* [Problem requirements]:
Go through each line of the records below and count those with the word "Antibody"; give only the total.

* [Supplied data]:
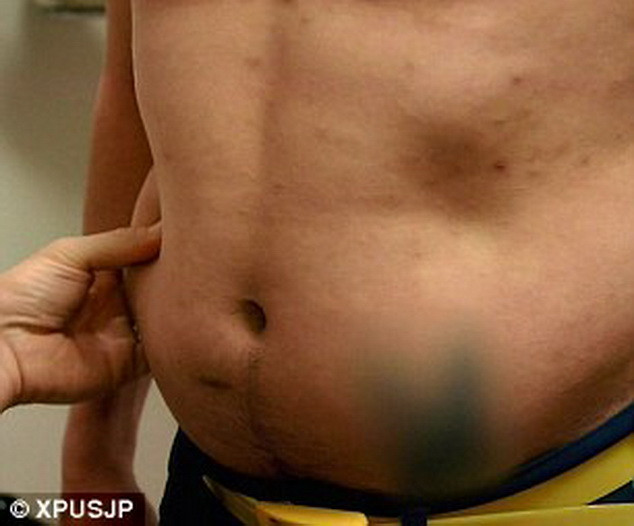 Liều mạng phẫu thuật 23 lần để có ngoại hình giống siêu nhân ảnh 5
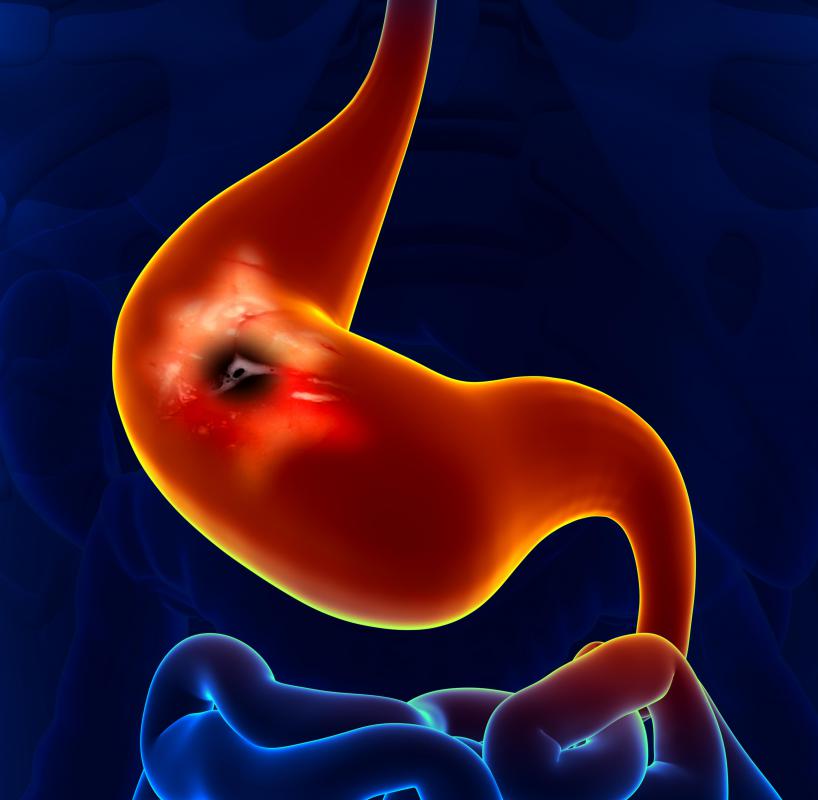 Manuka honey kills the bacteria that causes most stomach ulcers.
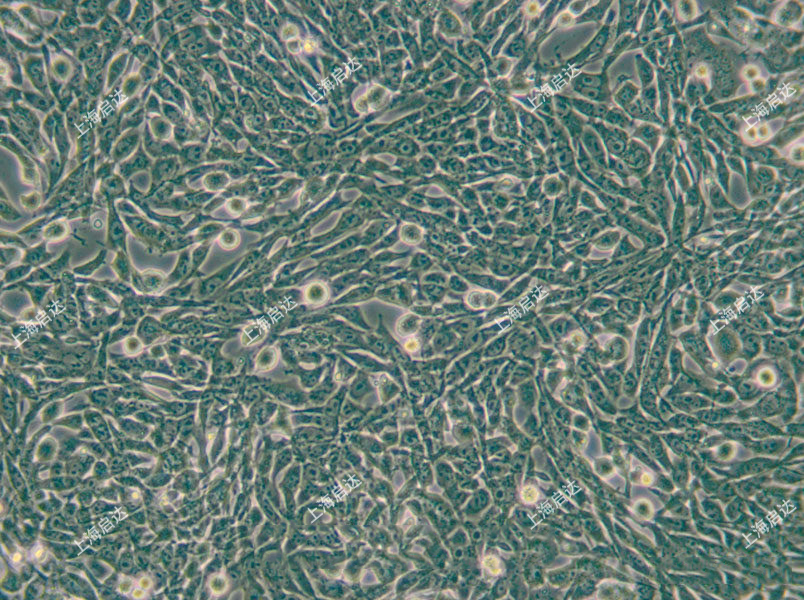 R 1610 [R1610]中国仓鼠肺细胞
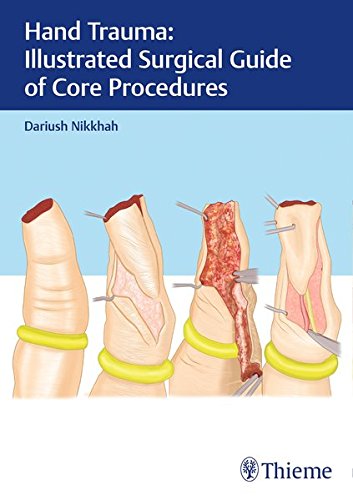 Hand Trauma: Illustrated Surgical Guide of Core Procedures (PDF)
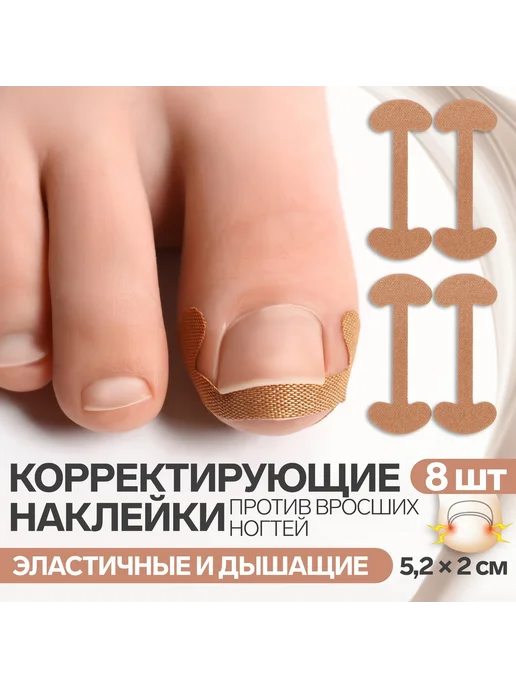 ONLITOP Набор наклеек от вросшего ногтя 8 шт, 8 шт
==
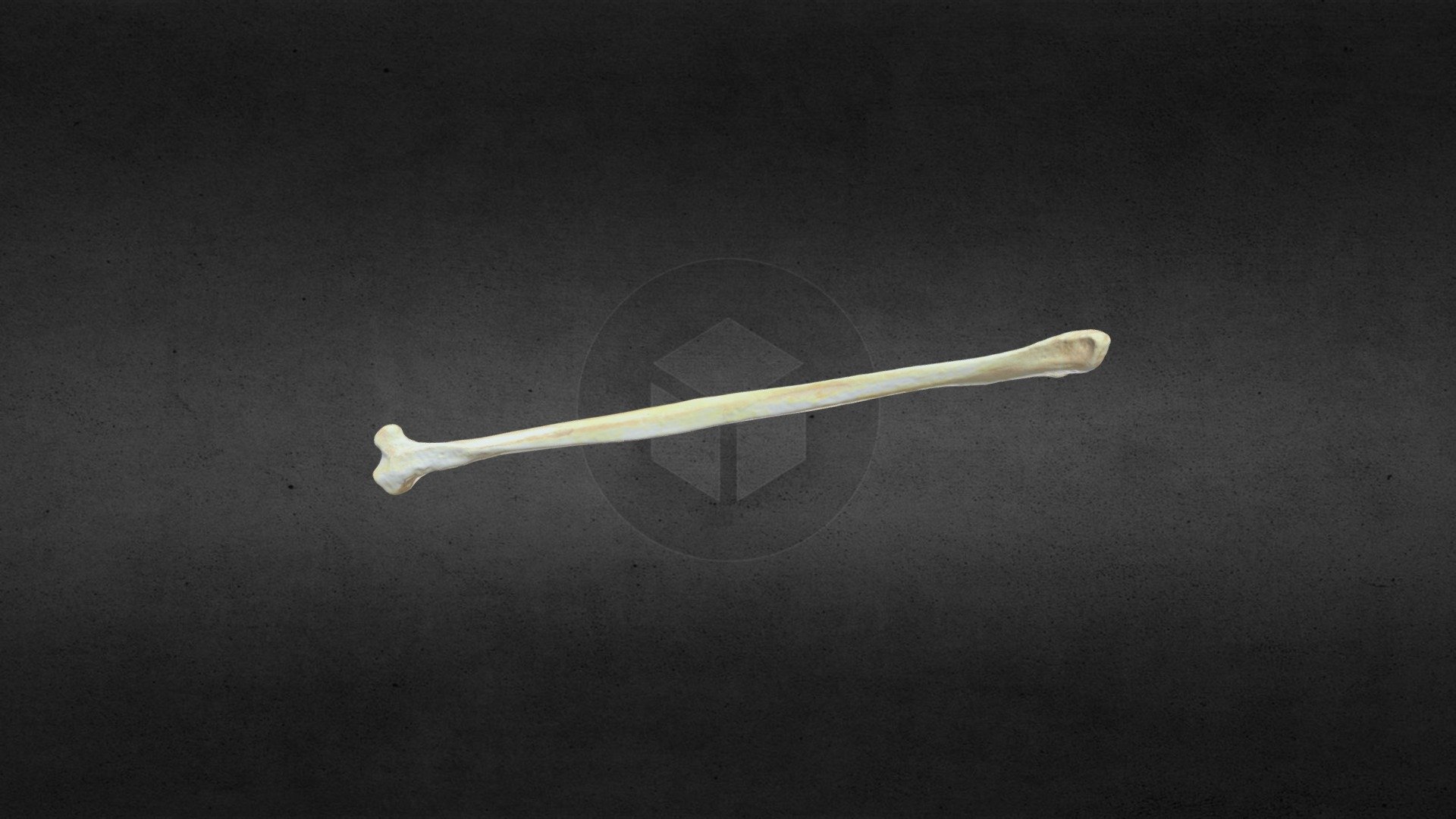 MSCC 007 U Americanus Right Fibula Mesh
==
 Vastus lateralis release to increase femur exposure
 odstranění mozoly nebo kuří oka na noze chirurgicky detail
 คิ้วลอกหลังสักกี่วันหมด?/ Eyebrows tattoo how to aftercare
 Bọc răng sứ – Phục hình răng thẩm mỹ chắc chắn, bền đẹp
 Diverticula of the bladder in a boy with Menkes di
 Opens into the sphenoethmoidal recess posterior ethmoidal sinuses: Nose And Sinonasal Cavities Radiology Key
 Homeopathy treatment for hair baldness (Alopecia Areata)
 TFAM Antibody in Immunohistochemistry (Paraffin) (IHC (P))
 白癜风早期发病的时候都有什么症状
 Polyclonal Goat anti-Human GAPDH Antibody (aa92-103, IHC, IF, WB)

* [Answer for this exercise]:
2